2003 Seattle Annual Meeting (November 2–5, 2003)

Paper No. 11
Presentation Time: 11:00 AM

LITTLE ICE AGE CLIMATE IN THE WIND RIVER RANGE, WYOMING, ESTIMATED FROM ICE-CORE DATA, TREE-RING RECORDS AND GLACIER MODELING


PLUMMER, Mitchell A., Idaho National Engineering & Environmental Lab, P.O. Box 1625, Idaho Falls, ID 83415, CECIL, L. DeWayne, U.S. Geol Survey, 900 N. Skyline Dr, Idaho Falls, ID 83402 and NAFTZ, David L., U.S. Geol Survey, 2329 Orton Circle, Salt Lake City, UT 84119, plumma@inel.gov

Recent studies in the Wind River Range, Wyoming provide two independent means of estimating climate changes that have occurred since approximately the Little Ice Age. Geochemical variations in ice and snow collected from the Upper Fremont Glacier preserve a record of changes in atmospheric composition dating back to the mid-1800’s, or about the end of the Little Ice Age. Analyses of oxygen-18 and oxygen-16 in ice and snow samples from the glacier and from more recent snowpacks suggest that the average winter air temperature in this region has increased by 1.5° to 3.5°C since 1960, and by approximately 5°C since the end of the Little Ice Age. Tree-ring records collected from the area extend back approximately 300 years further in time, to approximately 1550.  A chronology from a white bark pine tree near the alpine tree line adjacent to the Upper Fremont Glacier effectively records variability in summer temperature, while the record from a Douglas fir collected at lower elevation primarily records variability in winter precipitation. Analysis of the high-elevation tree-ring record supports the idea that there has been a rise in average summer air temperature starting in the mid-1880s but indicates a much more gradual change than does the glacial ice record.

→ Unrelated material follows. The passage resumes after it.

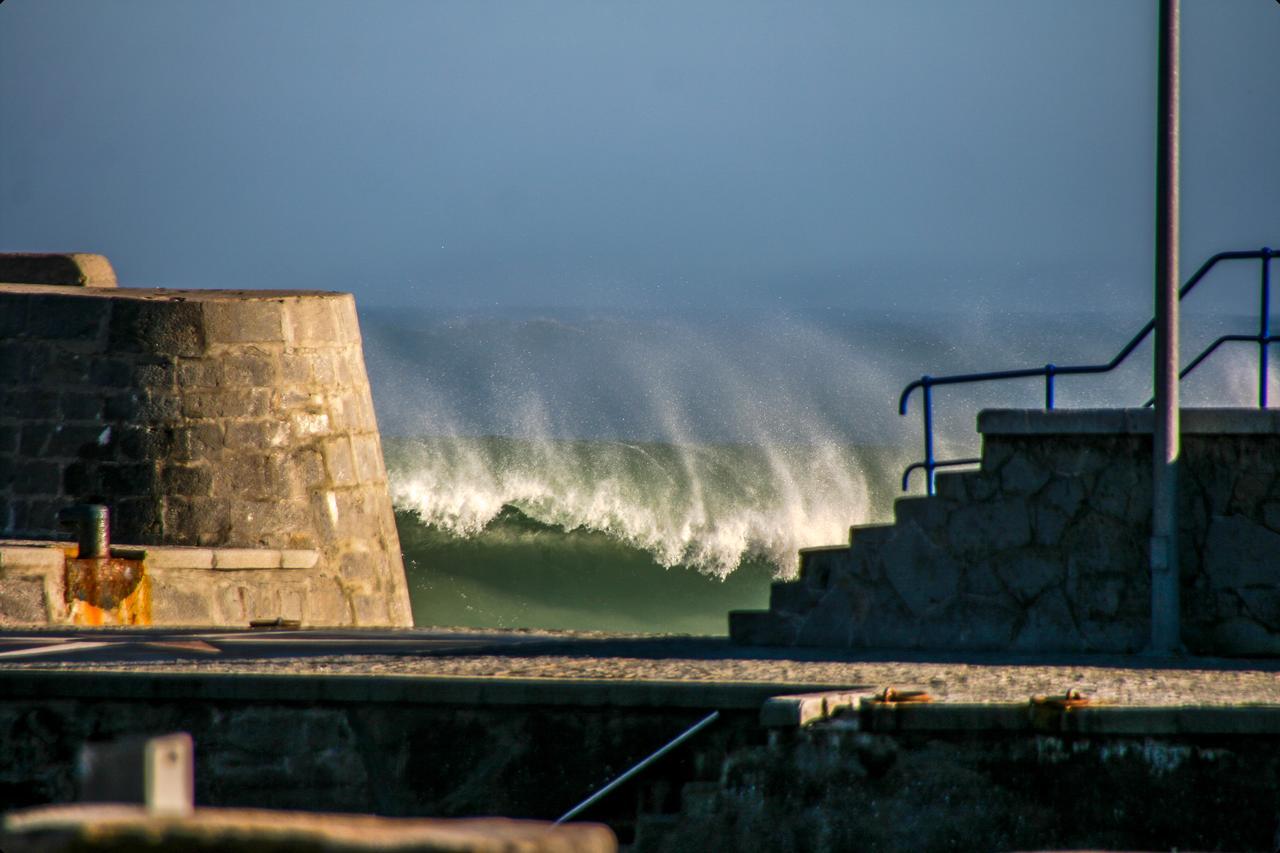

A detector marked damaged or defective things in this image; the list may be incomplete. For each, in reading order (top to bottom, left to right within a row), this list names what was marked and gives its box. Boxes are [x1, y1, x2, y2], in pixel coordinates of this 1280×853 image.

The warming indicated by the glacial ice and tree ring records would have had a profound effect on the mass balance of the glaciers of the Wind River Range. To determine whether the estimated warming is consistent with geomorphic evidence of glacial changes since ~1850 - the Little Ice Age moraines, we simulate its effect on the Fremont Glacier using a 2-D snow & energy balance model combined with a 2-D ice flow model. Inputs to the model are primarily long-term monthly averages of temperature, precipitation and several secondary climate parameters, as simple functions of elevation. By making simple changes to those parameters, we can calculate what combinations of changes are needed to reproduce the glaciers of not only the Little Ice Age period but also the extensive Pinedale and Bull Lake glaciations. As a transient flow model, it also provides a means of determining glacier response time under different extents and we demonstrate how this can be important in paleoclimatic interpretation of the glacial features.